Baltimore Multifamily Market Report
Leasing Surge Slices Availability to Record Low;
Trio of Submarkets Account for Development Activity
Renewed demand for urban units elevates fundamentals. Positive absorption is widespread throughout the market, with all 15 of Baltimore’s submarkets recording vacancy compression over the past 12 months ending March. As a result, metrowide vacancy contracted to the lowest rate in over 20 years, while rent growth surpassed the double-digit mark on an annual basis for the first time on record. The easing of pandemic-related restrictions on entertainment and dining venues, coupled with office returns for some employers, spearheaded renter demand in Downtown Baltimore. Over the past four quarters, vacancy in the urban core compressed 380 basis points to 3.4 percent. Entering the second quarter, availability in the CBD was only 50 basis points above the suburban rate, compared to the 370 basis point difference observed at the end of 2020. Class A demand warrants additional projects.
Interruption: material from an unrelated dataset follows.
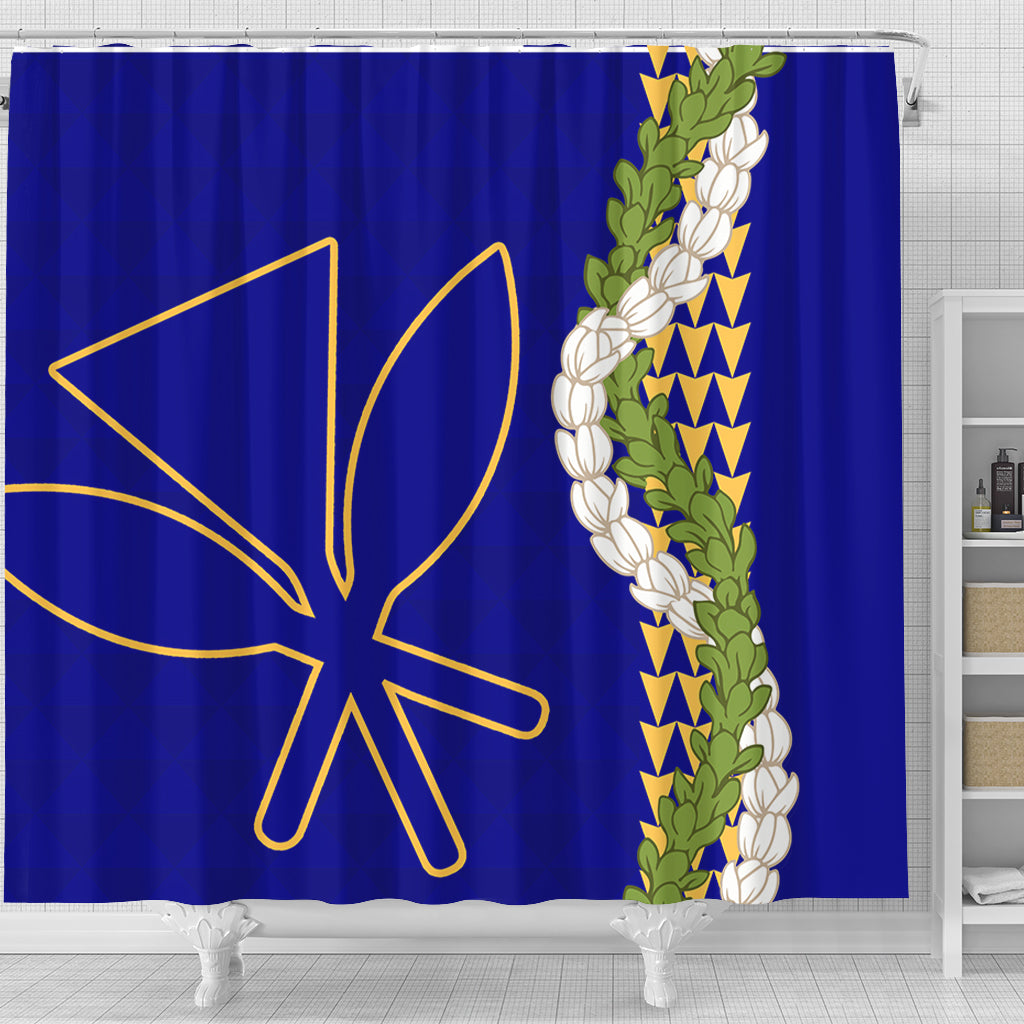 Hawaii Shower Curtain Kanaka Maoli Puakenikeni Maile Flower Lei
Despite net absorption surpassing the 4,000-unit mark in three of the past four years, development in Baltimore is below the metro’s 10-year trailing average. Projects slated for 2022 completion are concentrated in Downtown Baltimore, Baltimore City East and Owings Mills-Pikesville-Randallstown. The roughly 2,000 units delivered across these locales should be well received, as Class A vacancy was historically low at the onset of this year. Tight conditions and a lack of supply additions elsewhere may spark project proposals in additional submarkets moving forward.